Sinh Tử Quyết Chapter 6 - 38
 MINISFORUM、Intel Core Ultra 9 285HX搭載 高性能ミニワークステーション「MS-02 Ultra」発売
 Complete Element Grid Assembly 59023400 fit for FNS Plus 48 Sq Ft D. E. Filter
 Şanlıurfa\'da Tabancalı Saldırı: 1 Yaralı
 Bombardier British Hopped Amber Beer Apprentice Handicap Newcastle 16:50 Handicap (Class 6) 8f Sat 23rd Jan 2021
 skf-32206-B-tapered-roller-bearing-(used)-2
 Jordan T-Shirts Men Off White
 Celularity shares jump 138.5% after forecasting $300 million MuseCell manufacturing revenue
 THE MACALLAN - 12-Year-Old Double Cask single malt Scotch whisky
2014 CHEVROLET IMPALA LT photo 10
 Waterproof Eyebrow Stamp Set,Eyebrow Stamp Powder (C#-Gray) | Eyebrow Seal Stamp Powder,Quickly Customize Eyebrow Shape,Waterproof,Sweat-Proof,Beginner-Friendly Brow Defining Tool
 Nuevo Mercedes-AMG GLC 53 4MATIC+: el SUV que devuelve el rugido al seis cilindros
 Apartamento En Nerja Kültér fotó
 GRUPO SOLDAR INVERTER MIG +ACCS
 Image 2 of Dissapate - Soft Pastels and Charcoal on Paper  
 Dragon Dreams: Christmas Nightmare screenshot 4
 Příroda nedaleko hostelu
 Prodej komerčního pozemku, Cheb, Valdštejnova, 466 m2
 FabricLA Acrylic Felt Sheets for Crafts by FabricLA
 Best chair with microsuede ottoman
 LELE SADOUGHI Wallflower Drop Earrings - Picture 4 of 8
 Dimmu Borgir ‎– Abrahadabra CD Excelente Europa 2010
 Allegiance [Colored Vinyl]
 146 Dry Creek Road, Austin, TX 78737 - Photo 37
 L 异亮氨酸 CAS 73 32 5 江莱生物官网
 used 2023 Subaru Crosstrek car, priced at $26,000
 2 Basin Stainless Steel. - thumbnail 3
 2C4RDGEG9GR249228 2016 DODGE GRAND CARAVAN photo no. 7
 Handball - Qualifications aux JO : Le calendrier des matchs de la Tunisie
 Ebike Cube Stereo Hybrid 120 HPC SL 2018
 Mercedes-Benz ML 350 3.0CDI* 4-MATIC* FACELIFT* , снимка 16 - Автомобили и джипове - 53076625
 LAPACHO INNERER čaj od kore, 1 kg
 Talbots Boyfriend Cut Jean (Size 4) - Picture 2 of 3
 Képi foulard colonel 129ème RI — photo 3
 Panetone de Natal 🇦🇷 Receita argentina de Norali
- - -
What to do -
Report every line of the material above in which "used" appears.

Solution to this problem -
 skf-32206-B-tapered-roller-bearing-(used)-2
 used 2023 Subaru Crosstrek car, priced at $26,000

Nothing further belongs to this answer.